Personal information
- Born: February 2, 1973 (age 53) Rensselaer, Indiana, U.S.
- Listed height: 6 ft 4 in (1.93 m)
- Listed weight: 245 lb (111 kg)

Career information
- High school: Rennselaer Central
- College: Indiana State
- NFL draft: 1996: 7th round, 237th overall pick

Career history
- Buffalo Bills (1996–1999); Philadelphia Eagles (2000)*;
- * Offseason or practice squad member only

Career NFL statistics
- Games played: 42
- Tackles: 52
- Fumbles recovered: 1
- Stats at Pro Football Reference

= Dan Brandenburg =

American football player (born 1973)

Daniel R. Brandenburg (born February 16, 1973) is an American former professional football player who was a linebacker for four seasons in the National Football League (NFL). He played college football for the Indiana State Sycamores. He was selected by the Buffalo Bills in the seventh round of the 1996 NFL draft.

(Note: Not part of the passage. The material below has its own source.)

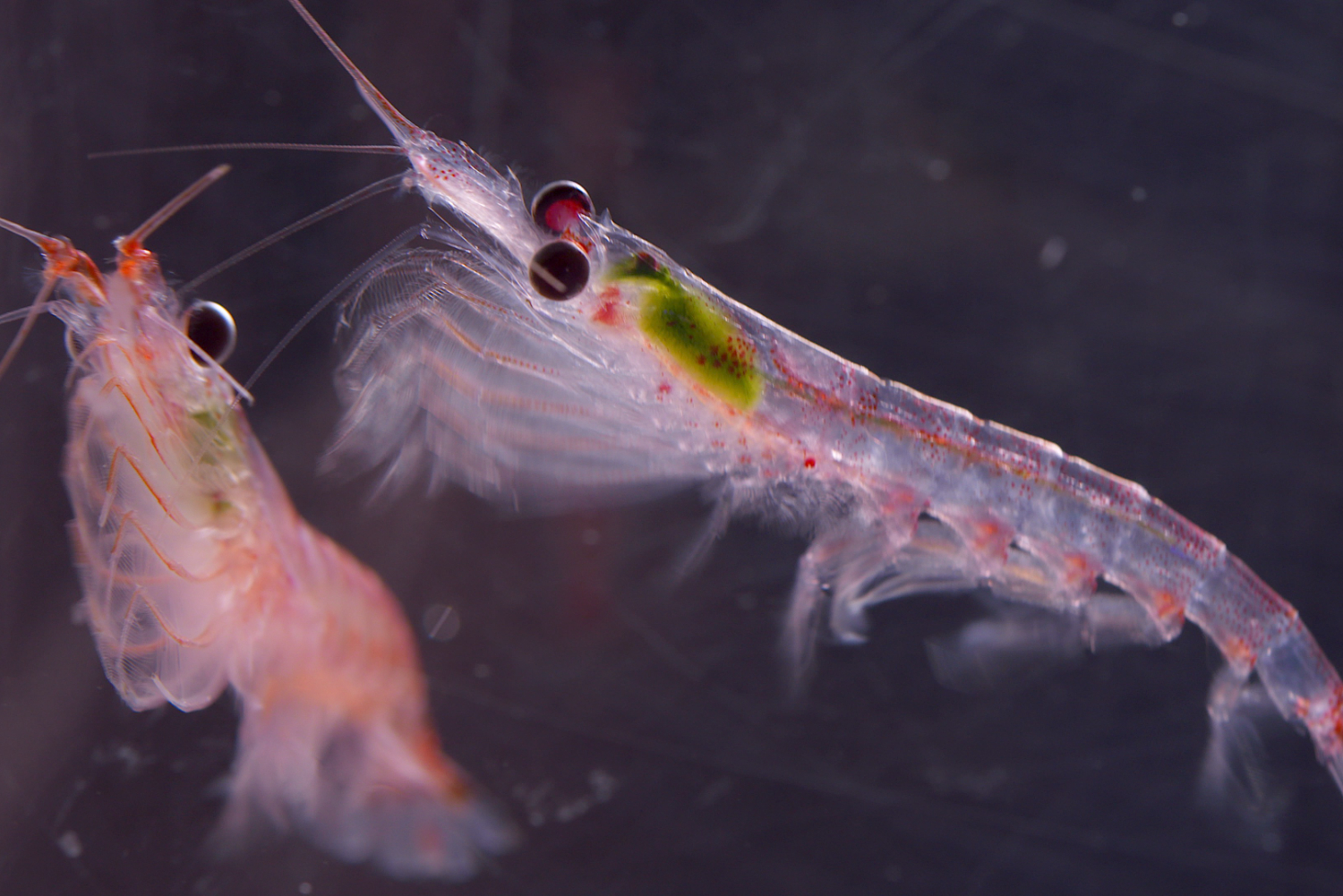 KRILL OIL GEL CANDY 60s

In four seasons at Indiana State University, Brandenburg had 215 tackles (116 solo and 99 assist) while recording a school record 32 sacks (since broken). He also set the school record for sacks in a season with 13 during his sophomore campaign. He was a two-time All-American, and three-time All-Missouri Valley Football Conference defensive end for the Sycamores. He was selected for the 1995 Blue-Gray Game and led the Blue squad to a 26–7 victory over the Gray squad.

In three seasons with the Bills, he starred on special teams and was a reserve linebacker. He signed a free agent contract with the Eagles on March 4, 2000, and retired from football in August 2000.

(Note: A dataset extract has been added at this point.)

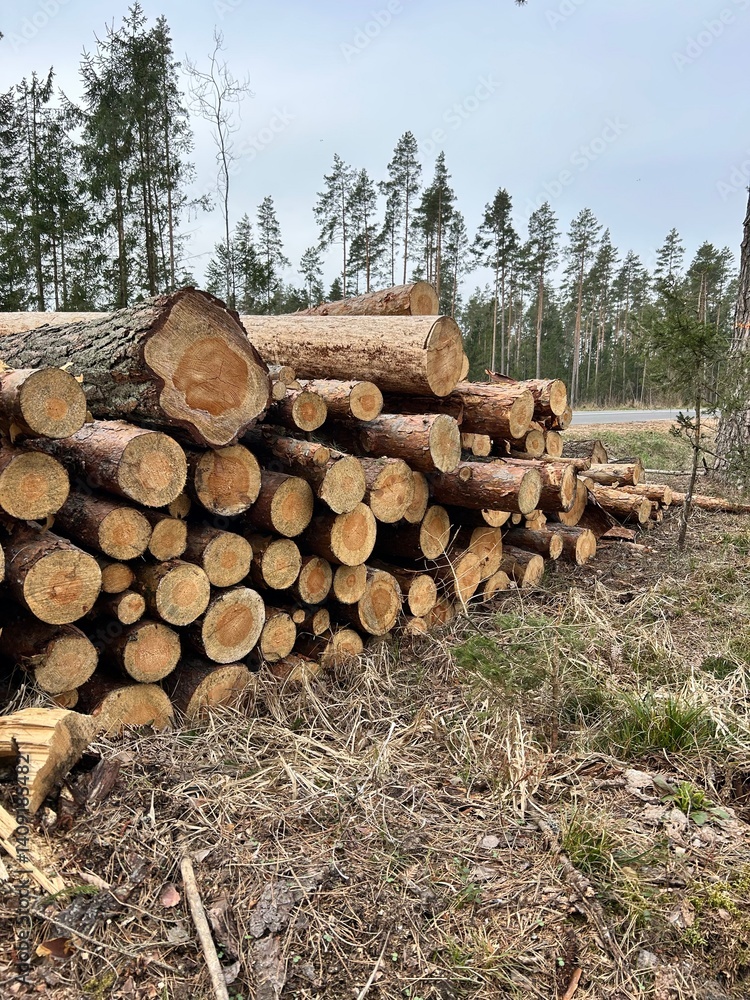 logging, spring logging, logs, spruce logs, forest felling, log stack
logging, spring logging, logs, spruce logs, forest felling, log stack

In 2009, he was voted to the Missouri Valley Football Conference Silver Anniversary Team, alongside notables such as Sean Payton, Kurt Warner, Bryce Paup and Bryan Cox

In 2013, he was inducted into the Indiana State University Athletic Hall of Fame as a member of its 22nd class.

He is also a member of his high school's sports hall of fame.

His father, Steve, a running back for the Sycamores in the early 1960s; remains the single game leading scorer 24 points (4 TDs vs. Ball State).